Q&A with Connor McCracken of Project Pilgrim

We first met Connor 2 years ago while attending the Jack Summit in Toronto. We caught up with him recently to chat about his newest endeavour, Project Pilgrim.

WYL: Tell us a bit about yourself

C: My name is Connor McCracken and I’m 20 years old. I grew up in Vancouver, BC but am currently at school studying chemistry and physics at the University of Alberta in Edmonton, AB.


WYL: What's your connection to mental illness?

C: Growing up I had a sister with an eating disorder as well as a host of other issues. Personally, I have experienced social anxiety and depression over the last few years which actually forced me to withdraw from school in November of 2014.


WYL: How did you overcome some of the struggles you've faced?

C: I was lucky. Because of having exposure to the mental health system growing up with my sister, I was able to recognize when things weren’t going well for me and when I needed help. I also, thankfully, knew how to navigate the system because I have a parent who works in the mental health system at a hospital in Vancouver.


When my anxiety first started acting up I tried to get help at my school but actually was turned away. I decided it was best to withdraw from school and focus on myself and so I headed home to get the help I needed. I entered into Cognitive Behavioural Therapy almost immediately and it’s really worked wonders for me. Nowadays I am doing much better and would definitely recommend therapy to anyone who was considering it. I would not be who I am today with out, it was exactly what I needed.


WYL: Tell us about your new project?

C: My new project, Project Pilgrim is a way I can give back and try to reduce the stigma around mental health. My idea is that if I talk to many people about mental health and get their insights, thoughts, opinions, and experiences on the subject, more people will understand how mental health exists on a spectrum. So far, I have taken 120 portraits of my friends and received their insights on mental health. I will be posting these photos with their responses daily for the next few months. Then, in May I will be heading to Europe to hike the famous 1000km Camino de Santiago Pilgrimage route to do the same. I will take photos of the people I meet and gather their opinions and thoughts concerning mental health. The reason I chose to do the Camino is because the people who walk this route are walking 20 to 40km a day alone. In this time, they become very self reflective and I believe if I tap into this introspecting I’ll get some really interesting responses. The end result will be a printed book including a selection of the photos I take and the responses. I am pre-selling the book through a Kickstarter here.


WYL: What inspired you to start Project Pilgrim?

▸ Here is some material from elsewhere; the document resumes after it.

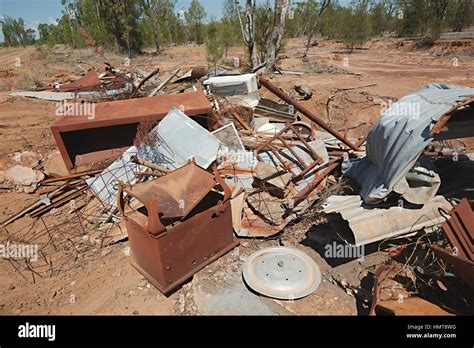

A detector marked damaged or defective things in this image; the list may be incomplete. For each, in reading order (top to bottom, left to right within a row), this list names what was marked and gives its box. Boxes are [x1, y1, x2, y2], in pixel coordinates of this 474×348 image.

broken furniture [50, 91, 217, 170]
rusted metal box [117, 162, 239, 294]
broken furniture [117, 162, 239, 294]
rusty metal debris [117, 162, 239, 294]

C: I’ve always had a passion for portrait photography. I love how photos of someone’s face and body language can so clearly convey their emotion with no explanation needed. My idea for Project Pilgrim stemmed from trying to combine three of my passions together: photography, mental health, and the outdoors. Taking someone’s photo and talking to them about mental health while hiking 1000km sounds like the best kind of adventure for me. I’ve obviously been inspired by similiar initiatives like Humans of New York and The UnmaskED Project, but I think my project has a really unique angle to it. I actually cycled the Camino as part of a larger family vacation back in 2013 and I know from experience some of the incredible stories you hear from people you meet along the way.


WYL: What do you hope readers/followers will get out of the visual documentation of your journey?

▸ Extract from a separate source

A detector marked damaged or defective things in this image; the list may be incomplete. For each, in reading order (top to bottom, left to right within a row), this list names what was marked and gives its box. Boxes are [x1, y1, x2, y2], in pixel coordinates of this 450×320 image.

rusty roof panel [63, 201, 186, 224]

C: My hope is that by collecting many people’s opinions and sharing them with you, we will all come to a better understanding of what mental health is and how to overcome issues we may face. 

A picture is worth a thousand words, but a picture with an emotional connection to it is worth many times more. My goal is that by taking people’s photos and asking them about mental health, I can start a conversation that can work towards breaking down the stigma around mental health. Talking about mental health normalizes mental health and my hope is that Project Pilgrim can be one of the many stepping stones needed in order to make mental health an everyday conversation.